On crée un champ magnétique puissant sur une longue durée afin de comprimer les noyaux. L’idée de Marvel Fusion est d’utiliser les lasers ultra-intenses de Thales plutôt comme un catalyseur, pour démarrer la réaction de fusion. »
Schématiquement, le laser vient directement agir avec la matière pour favoriser les réactions en chaîne. Les noyaux sont projetés à une telle vitesse qu’ils s’entrechoquent et fusionnent. Dans le même temps, ils accélèrent d’autres noyaux pour créer et alimenter la fusion au sein du combustible.
Un combustible rare
Ce procédé n’est rendu possible que par la technologie d’amplification laser développée par Gérard Mourou et Donna Strickland qui leur a valu le prix Nobel de physique en 2018, et qui permet d’obtenir des lasers ultrapuissants en quelques fractions de secondes.
« C’est ce qui explique notre collaboration avec Marvel Fusion qui a besoin de lasers ultra-puissants que nous sommes parmi les seuls industriels au monde à pouvoir lui fournir, souligne Franck Leibreich. Et nous allons collaborer avec le centre européen de recherche laser en physique nucléaire ELI-NP situé en Roumanie auquel nous avons fourni le système laser le plus puissant au monde pour l’adapter aux besoins des travaux de Marvel Fusion.2 »

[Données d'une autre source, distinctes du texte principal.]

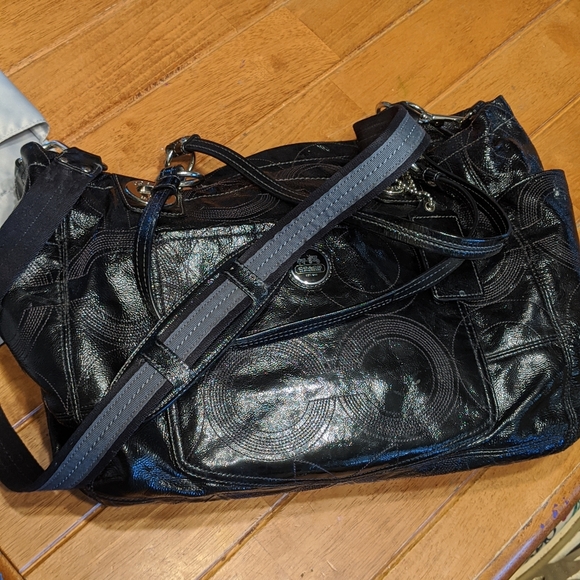 Coach diaper bag - Picture 12 of 14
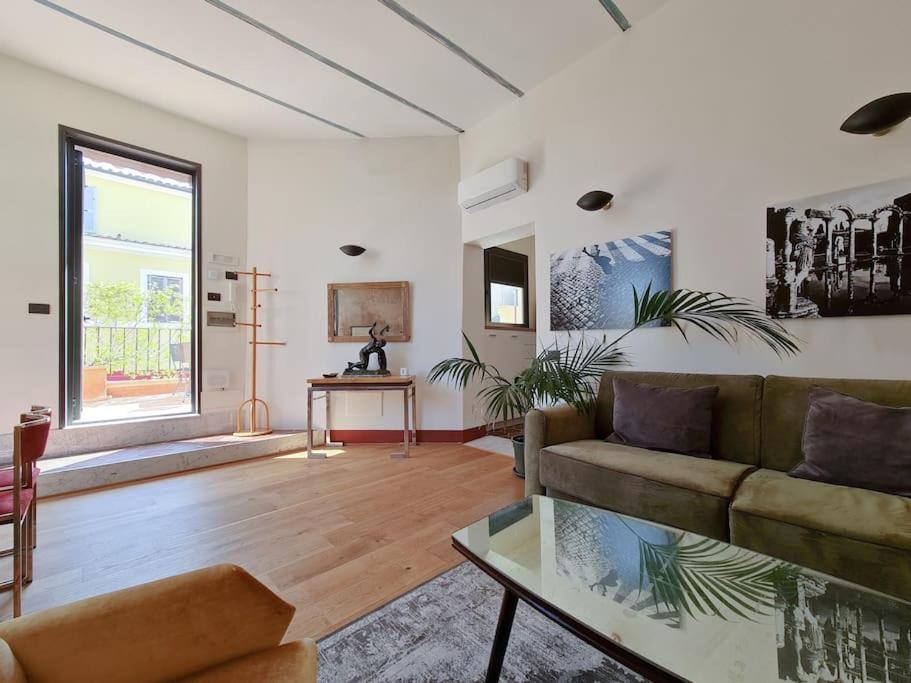 Boutique Penthouse With Terrace, Spanish Steps Roma Dış mekan fotoğraf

« Ce qui nous paraît également intéressant dans leur approche, poursuit Franck Leibreich, c’est l’utilisation d’un combustible original et abondant : le Bore. Quand il fusionne avec un proton, la réaction de ces éléments n’émet pratiquement pas de neutrons mais simplement des particules Alpha qui ne sont pas radioactives. »
Il reste à la jeune pousse allemande du chemin à parcourir et bien des défis technologiques à surmonter avant de parvenir à une production industrielle, à commencer par la validation de son procédé. Les responsables de Marvel Fusion affirment avoir déjà conduit plus de 2 000 expériences de fusion dans des centres de recherche à travers le monde et envisagent de lancer un démonstrateur avant la fin de la décennie.
Aurait-on trouvé là la réponse à l’un des plus grands défis de notre siècle ? L’avenir le dira mais les travaux conduits par Marvel Fusion témoignent, si besoin en était encore, des extraordinaires possibilités des lasers ultra-intenses à impulsions courtes et à très forte puissance crête.
1 Ainsi, en août 2021, les scientifiques du Lawrence Livermore National Laboratory ont annoncé avoir réalisé une avancée historique vers la fusion nucléaire. Ils ont en effet réussi à générer un plasma dégageant plus de 1,3 mégajoule en un dixième de nanoseconde grâce à un laser surpuissant, le National Ignition Facility (NIF).